What to produce> Copy exactly the lines from the first line of the records below through the line containing "Ustedes sabotean todo", including both, and nothing else.

(Records from a dataset)
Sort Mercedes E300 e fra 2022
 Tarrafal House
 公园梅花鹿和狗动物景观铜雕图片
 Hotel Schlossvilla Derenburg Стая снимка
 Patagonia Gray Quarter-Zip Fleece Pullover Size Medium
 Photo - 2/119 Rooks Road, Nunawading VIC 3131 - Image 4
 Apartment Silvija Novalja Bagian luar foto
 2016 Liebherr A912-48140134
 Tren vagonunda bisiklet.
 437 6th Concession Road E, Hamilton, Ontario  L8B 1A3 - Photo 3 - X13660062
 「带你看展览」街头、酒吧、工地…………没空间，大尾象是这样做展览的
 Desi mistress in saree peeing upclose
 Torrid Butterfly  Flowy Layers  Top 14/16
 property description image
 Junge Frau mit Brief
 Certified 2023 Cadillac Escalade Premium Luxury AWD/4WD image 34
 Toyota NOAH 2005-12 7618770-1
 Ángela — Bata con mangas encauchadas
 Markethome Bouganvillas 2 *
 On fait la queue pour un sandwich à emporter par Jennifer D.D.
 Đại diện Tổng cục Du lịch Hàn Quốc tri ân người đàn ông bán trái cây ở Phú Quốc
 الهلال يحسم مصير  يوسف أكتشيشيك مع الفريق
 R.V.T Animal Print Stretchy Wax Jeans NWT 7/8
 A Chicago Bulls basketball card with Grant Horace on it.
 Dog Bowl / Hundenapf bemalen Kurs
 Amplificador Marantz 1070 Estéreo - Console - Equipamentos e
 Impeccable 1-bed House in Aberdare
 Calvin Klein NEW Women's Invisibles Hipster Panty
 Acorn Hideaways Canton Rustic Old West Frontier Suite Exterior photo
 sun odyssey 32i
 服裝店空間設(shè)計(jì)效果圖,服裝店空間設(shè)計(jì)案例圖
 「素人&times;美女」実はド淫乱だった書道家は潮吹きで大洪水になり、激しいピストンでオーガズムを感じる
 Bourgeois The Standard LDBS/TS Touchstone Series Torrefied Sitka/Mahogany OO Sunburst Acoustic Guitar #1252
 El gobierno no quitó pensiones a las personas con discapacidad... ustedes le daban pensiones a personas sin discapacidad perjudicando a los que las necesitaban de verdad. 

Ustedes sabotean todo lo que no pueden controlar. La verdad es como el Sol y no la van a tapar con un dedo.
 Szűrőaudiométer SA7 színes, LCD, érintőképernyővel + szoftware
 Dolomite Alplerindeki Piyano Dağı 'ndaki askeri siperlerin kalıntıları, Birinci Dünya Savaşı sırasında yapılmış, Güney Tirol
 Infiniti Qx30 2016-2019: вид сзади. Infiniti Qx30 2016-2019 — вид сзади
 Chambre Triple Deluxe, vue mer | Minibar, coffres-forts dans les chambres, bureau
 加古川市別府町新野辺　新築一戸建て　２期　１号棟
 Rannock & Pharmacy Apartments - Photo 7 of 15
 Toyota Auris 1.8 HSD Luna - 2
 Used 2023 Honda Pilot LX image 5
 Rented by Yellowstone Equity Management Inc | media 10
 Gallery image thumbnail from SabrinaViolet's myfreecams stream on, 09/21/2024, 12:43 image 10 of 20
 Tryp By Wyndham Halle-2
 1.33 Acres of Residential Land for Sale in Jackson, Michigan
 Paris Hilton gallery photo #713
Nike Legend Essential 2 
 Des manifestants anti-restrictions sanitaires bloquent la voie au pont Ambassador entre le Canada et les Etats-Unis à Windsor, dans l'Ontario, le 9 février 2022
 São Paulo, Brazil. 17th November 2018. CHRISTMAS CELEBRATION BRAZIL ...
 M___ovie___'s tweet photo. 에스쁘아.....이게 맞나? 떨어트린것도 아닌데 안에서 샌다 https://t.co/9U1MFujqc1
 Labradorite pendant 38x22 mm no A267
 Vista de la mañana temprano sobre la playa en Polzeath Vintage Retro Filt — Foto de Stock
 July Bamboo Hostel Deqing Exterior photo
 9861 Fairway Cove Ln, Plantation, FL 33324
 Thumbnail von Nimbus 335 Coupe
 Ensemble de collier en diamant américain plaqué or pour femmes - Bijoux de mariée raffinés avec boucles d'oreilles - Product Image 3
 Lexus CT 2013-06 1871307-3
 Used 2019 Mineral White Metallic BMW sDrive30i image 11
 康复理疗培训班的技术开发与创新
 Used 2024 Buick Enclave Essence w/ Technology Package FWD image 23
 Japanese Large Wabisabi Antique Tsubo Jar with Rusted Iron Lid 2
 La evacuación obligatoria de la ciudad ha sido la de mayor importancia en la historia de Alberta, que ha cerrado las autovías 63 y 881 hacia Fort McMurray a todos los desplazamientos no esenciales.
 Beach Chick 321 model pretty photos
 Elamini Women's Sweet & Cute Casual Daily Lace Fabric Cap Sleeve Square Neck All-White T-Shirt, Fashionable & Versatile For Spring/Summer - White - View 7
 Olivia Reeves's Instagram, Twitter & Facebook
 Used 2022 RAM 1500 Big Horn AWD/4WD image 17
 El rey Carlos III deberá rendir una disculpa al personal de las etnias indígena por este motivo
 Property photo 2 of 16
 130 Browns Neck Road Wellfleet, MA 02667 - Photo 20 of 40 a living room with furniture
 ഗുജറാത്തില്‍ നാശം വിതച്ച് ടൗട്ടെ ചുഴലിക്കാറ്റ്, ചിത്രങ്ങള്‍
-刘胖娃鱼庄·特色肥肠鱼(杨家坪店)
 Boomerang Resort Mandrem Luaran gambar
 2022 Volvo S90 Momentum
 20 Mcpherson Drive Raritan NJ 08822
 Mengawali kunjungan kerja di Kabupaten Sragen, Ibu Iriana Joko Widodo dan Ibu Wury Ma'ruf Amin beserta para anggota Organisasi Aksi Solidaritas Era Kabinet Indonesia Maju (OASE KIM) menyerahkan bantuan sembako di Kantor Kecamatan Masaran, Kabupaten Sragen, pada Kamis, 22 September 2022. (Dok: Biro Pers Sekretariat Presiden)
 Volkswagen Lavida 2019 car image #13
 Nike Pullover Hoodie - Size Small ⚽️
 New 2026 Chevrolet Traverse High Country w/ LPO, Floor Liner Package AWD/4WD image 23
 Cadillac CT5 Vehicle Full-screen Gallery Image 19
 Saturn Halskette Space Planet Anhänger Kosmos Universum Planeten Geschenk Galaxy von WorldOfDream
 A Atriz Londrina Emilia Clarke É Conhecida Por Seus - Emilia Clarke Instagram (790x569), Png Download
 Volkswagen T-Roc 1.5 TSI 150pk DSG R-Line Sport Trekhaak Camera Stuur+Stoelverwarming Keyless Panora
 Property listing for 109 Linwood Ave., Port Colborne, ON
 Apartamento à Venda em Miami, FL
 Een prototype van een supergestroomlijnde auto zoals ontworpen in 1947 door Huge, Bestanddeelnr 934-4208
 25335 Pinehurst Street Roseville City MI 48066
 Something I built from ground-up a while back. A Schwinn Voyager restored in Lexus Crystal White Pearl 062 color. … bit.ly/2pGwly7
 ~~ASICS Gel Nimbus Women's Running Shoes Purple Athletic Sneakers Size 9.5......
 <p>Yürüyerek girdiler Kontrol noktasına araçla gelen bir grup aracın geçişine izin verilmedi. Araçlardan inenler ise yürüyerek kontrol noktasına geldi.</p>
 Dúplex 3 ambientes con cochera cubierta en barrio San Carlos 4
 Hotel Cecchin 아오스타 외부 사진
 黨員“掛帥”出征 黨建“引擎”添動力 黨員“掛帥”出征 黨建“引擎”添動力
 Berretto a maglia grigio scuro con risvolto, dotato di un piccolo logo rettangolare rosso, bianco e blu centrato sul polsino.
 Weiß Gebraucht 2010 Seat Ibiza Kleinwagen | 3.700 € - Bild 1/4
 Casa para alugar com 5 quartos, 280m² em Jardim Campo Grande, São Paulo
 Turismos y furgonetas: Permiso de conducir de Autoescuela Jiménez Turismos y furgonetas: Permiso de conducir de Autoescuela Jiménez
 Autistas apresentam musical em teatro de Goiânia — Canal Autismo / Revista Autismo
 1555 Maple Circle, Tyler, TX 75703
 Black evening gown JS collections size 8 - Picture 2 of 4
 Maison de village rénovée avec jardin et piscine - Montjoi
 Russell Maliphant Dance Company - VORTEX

Solution for this exercise>
Sort Mercedes E300 e fra 2022
 Tarrafal House
 公园梅花鹿和狗动物景观铜雕图片
 Hotel Schlossvilla Derenburg Стая снимка
 Patagonia Gray Quarter-Zip Fleece Pullover Size Medium
 Photo - 2/119 Rooks Road, Nunawading VIC 3131 - Image 4
 Apartment Silvija Novalja Bagian luar foto
 2016 Liebherr A912-48140134
 Tren vagonunda bisiklet.
 437 6th Concession Road E, Hamilton, Ontario  L8B 1A3 - Photo 3 - X13660062
 「带你看展览」街头、酒吧、工地…………没空间，大尾象是这样做展览的
 Desi mistress in saree peeing upclose
 Torrid Butterfly  Flowy Layers  Top 14/16
 property description image
 Junge Frau mit Brief
 Certified 2023 Cadillac Escalade Premium Luxury AWD/4WD image 34
 Toyota NOAH 2005-12 7618770-1
 Ángela — Bata con mangas encauchadas
 Markethome Bouganvillas 2 *
 On fait la queue pour un sandwich à emporter par Jennifer D.D.
 Đại diện Tổng cục Du lịch Hàn Quốc tri ân người đàn ông bán trái cây ở Phú Quốc
 الهلال يحسم مصير  يوسف أكتشيشيك مع الفريق
 R.V.T Animal Print Stretchy Wax Jeans NWT 7/8
 A Chicago Bulls basketball card with Grant Horace on it.
 Dog Bowl / Hundenapf bemalen Kurs
 Amplificador Marantz 1070 Estéreo - Console - Equipamentos e
 Impeccable 1-bed House in Aberdare
 Calvin Klein NEW Women's Invisibles Hipster Panty
 Acorn Hideaways Canton Rustic Old West Frontier Suite Exterior photo
 sun odyssey 32i
 服裝店空間設(shè)計(jì)效果圖,服裝店空間設(shè)計(jì)案例圖
 「素人&times;美女」実はド淫乱だった書道家は潮吹きで大洪水になり、激しいピストンでオーガズムを感じる
 Bourgeois The Standard LDBS/TS Touchstone Series Torrefied Sitka/Mahogany OO Sunburst Acoustic Guitar #1252
 El gobierno no quitó pensiones a las personas con discapacidad... ustedes le daban pensiones a personas sin discapacidad perjudicando a los que las necesitaban de verdad. 

Ustedes sabotean todo lo que no pueden controlar. La verdad es como el Sol y no la van a tapar con un dedo.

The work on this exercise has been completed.